We conducted research between 2015 and 2017 at the Centre for English Language Communication at the National University of Singapore. Our findings, from three parallel case studies within the broad framework of English for Academic Purposes (EAP), provide results from classroom-based action research working with semantics, specialisation and axiological cosmologies from Legitimation Code Theory. Each case study is outlined, explaining how these LCT dimensions have guided practice in the teaching of English for academic writing. Specifically, LCT has been applied in the development of our students’ critical dispositions by teaching them how to apply critical lenses to analyse texts and to make informed judgements. The first case study explores semantics as a strategy for teaching how to use lenses for the theoretical framework section of an IMRaD (Introduction, Methods, Research and Discussion) research paper in the social sciences. The second is set in a standalone EAP module and describes the use of a systemic-functional linguistics-informed pedagogical tool as a lens to analyse academic discourse so learners can better understand the meanings including the assumptions, unsupported claims, or biases in texts. The third regards the embedding of LCT approaches for students engaged in writing hortatory blogs in a unit entitled Public Writing and Communication. Students are taught to explore ‘axiological cosmologies’ to understand how evaluative meanings form patterns of clusters that enable the writer to create a persuasive expository text.

References

Dong, A, Maton, K and Carvalho L, (2015) The structuring of design knowledge The Routledge Companion to Design Research, pp38-49 London: Routledge.

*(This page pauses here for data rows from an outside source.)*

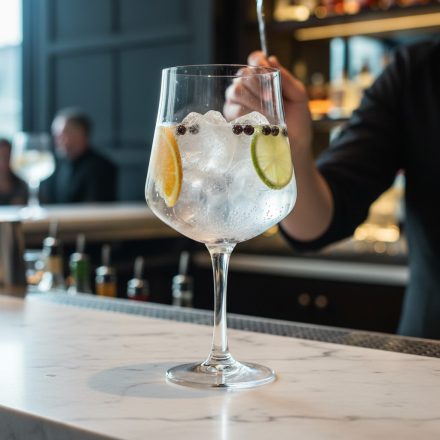 Onis Arome Gin-Tonic pohár 670 ml, 6 db-os csomag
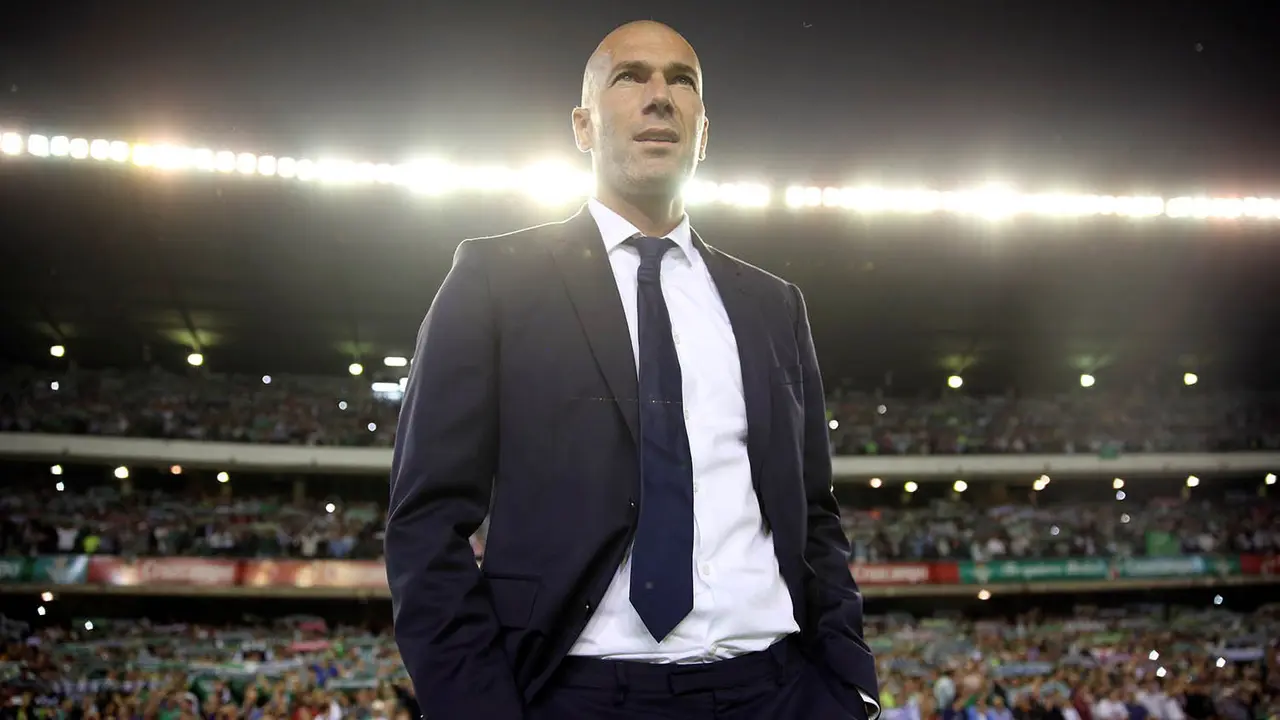 Real Betis Vs Real Madrid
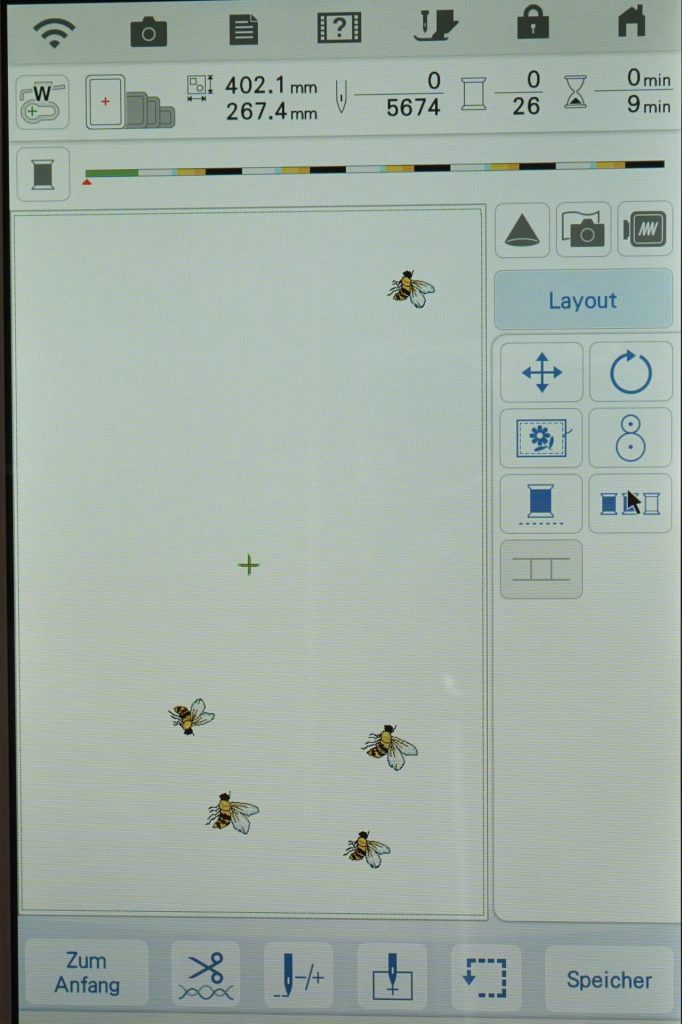 Luminaire MeinDesignCenter Bienen Version1 (17)
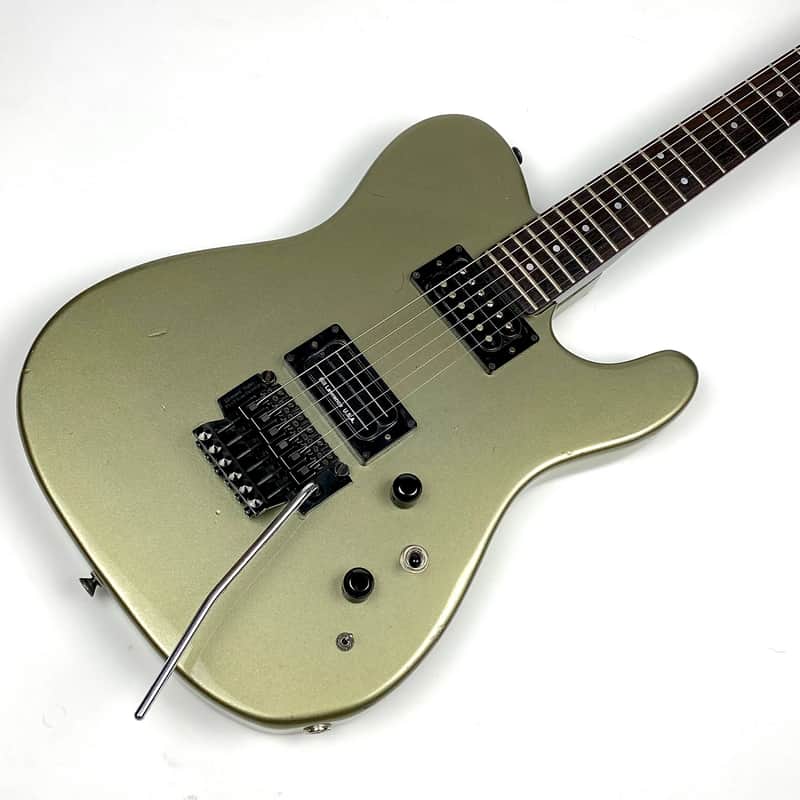 Fender Boxer Series Telecaster MIJ image 2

Maton, K (2008) ‘Knowledge-building: how can we create powerful and influential ideas?’ Paper presented at Disciplinarity, Knowledge and Language: An International Symposium Sydney: University of Sydney

Maton, K (2013) Knowledge and knowers: Towards a realist sociology of education Routledge: London

Maton, K (2014) ‘Building powerful knowledge: the significance of semantic waves’ in Barrett, B and Rata, E (eds) (2014) Knowledge and the future of the curriculum, pp181–197 London: Palgrave Macmillan, Palgrave Studies in Excellence and Equity in Global Education.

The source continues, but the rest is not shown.